**Exercise material:**

====================

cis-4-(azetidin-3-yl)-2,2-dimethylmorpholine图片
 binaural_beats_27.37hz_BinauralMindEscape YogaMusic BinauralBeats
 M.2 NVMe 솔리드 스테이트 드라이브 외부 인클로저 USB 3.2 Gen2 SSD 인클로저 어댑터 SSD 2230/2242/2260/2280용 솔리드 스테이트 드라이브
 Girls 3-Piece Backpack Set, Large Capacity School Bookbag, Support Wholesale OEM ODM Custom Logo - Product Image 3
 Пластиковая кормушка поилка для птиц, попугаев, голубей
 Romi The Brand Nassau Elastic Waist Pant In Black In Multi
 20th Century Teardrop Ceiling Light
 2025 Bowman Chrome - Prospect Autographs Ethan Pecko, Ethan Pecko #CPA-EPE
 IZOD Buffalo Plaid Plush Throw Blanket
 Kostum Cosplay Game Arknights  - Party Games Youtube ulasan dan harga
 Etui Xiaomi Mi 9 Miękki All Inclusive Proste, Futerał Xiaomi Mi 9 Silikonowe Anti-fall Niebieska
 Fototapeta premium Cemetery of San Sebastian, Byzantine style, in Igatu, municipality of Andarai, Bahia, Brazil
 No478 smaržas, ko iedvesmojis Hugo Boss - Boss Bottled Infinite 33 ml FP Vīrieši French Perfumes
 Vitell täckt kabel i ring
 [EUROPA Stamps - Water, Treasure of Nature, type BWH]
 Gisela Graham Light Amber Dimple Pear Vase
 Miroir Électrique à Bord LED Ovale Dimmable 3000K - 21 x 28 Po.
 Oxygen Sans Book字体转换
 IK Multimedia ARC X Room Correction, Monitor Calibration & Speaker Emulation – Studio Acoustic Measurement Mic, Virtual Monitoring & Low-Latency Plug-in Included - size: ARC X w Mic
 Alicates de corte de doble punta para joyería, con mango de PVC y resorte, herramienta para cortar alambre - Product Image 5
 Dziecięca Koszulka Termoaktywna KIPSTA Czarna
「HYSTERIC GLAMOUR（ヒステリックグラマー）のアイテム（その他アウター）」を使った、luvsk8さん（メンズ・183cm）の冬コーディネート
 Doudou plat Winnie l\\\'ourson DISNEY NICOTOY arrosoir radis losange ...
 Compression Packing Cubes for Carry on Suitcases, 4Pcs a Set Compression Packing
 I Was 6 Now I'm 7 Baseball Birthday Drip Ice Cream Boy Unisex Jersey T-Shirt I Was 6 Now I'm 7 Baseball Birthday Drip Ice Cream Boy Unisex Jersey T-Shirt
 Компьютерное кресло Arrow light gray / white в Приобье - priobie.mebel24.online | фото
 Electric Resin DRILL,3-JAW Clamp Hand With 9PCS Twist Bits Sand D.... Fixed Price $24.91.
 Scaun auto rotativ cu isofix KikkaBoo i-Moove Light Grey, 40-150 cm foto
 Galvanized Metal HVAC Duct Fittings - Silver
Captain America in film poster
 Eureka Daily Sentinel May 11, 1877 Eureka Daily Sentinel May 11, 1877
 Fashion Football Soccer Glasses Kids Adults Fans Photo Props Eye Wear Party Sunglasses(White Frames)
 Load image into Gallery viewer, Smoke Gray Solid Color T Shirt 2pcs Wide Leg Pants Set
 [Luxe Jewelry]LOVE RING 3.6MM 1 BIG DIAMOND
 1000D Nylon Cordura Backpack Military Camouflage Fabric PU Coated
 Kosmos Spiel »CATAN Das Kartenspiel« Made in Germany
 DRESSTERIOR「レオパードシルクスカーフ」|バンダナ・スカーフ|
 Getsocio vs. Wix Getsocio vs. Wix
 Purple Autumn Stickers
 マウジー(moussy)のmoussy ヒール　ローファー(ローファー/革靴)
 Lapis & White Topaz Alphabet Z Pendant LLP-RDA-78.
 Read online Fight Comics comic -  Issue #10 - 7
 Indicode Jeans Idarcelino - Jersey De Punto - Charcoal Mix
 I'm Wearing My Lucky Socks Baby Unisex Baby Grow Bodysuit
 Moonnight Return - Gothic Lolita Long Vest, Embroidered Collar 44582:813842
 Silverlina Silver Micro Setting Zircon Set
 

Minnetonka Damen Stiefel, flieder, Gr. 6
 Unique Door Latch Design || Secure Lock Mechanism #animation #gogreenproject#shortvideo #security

====================

**What this task involves:** Please show each line in the records above that contains "online".

**Result below:**
 Компьютерное кресло Arrow light gray / white в Приобье - priobie.mebel24.online | фото
 Read online Fight Comics comic -  Issue #10 - 7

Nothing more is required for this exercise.